What the exercise asks:
Beginning with the line of the entries below that holds "Quality Hotel and" and ending with the line that holds "Samplephonics Classic Deep House", transcribe each line exactly as written. Pictures stay out.

------ Material for this task ------

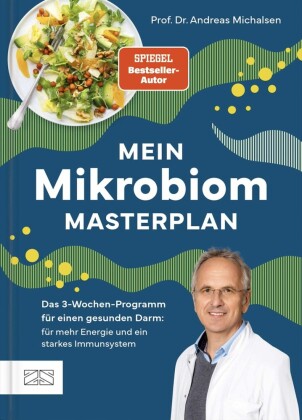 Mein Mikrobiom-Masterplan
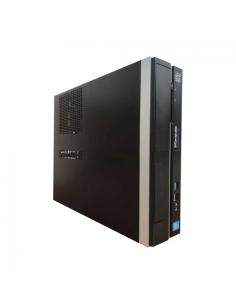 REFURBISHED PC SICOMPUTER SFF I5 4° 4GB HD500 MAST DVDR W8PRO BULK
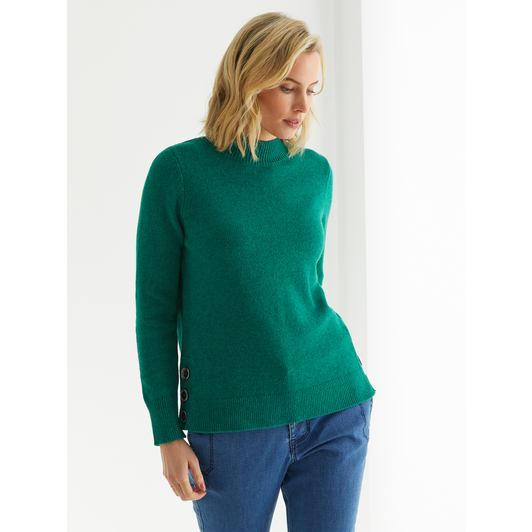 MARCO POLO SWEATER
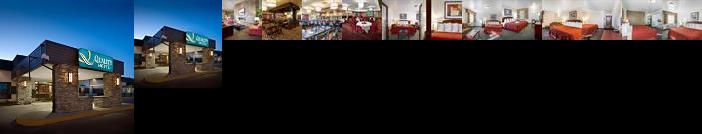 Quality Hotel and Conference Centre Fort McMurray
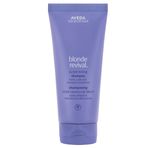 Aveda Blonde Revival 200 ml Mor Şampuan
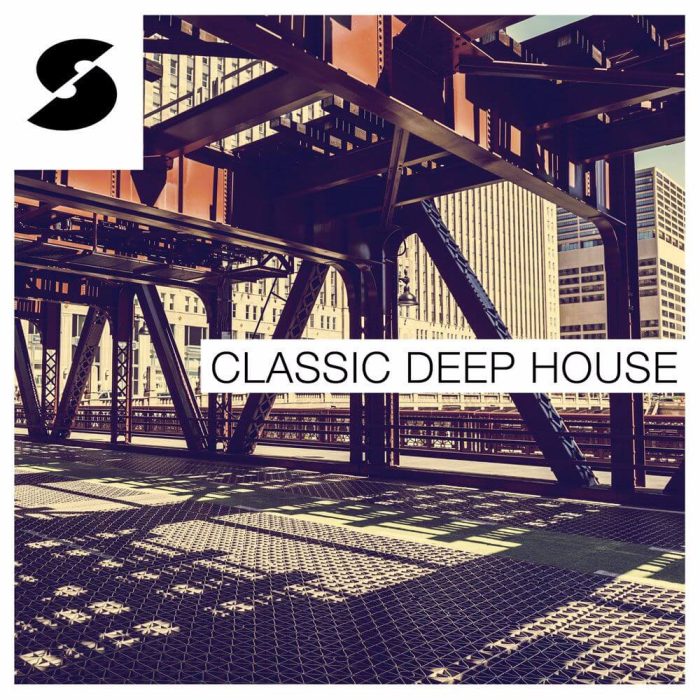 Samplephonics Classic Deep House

------
------ Material for this task ------

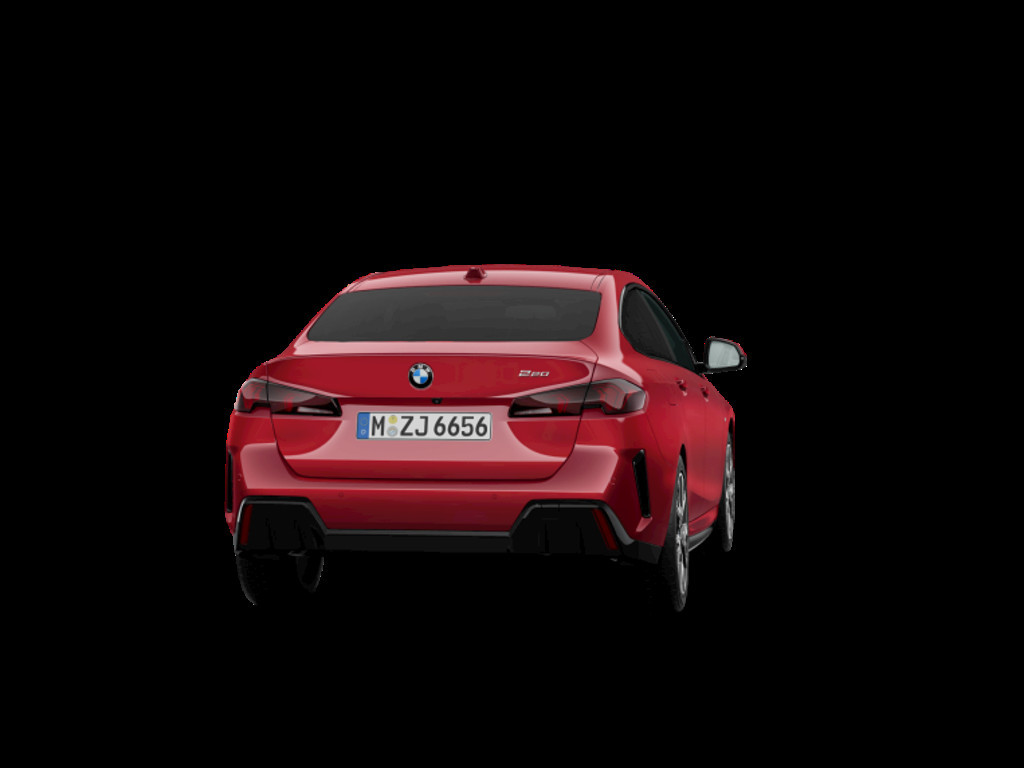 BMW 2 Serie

------

Answer to this problem:
 Quality Hotel and Conference Centre Fort McMurray
 Aveda Blonde Revival 200 ml Mor Şampuan
 Samplephonics Classic Deep House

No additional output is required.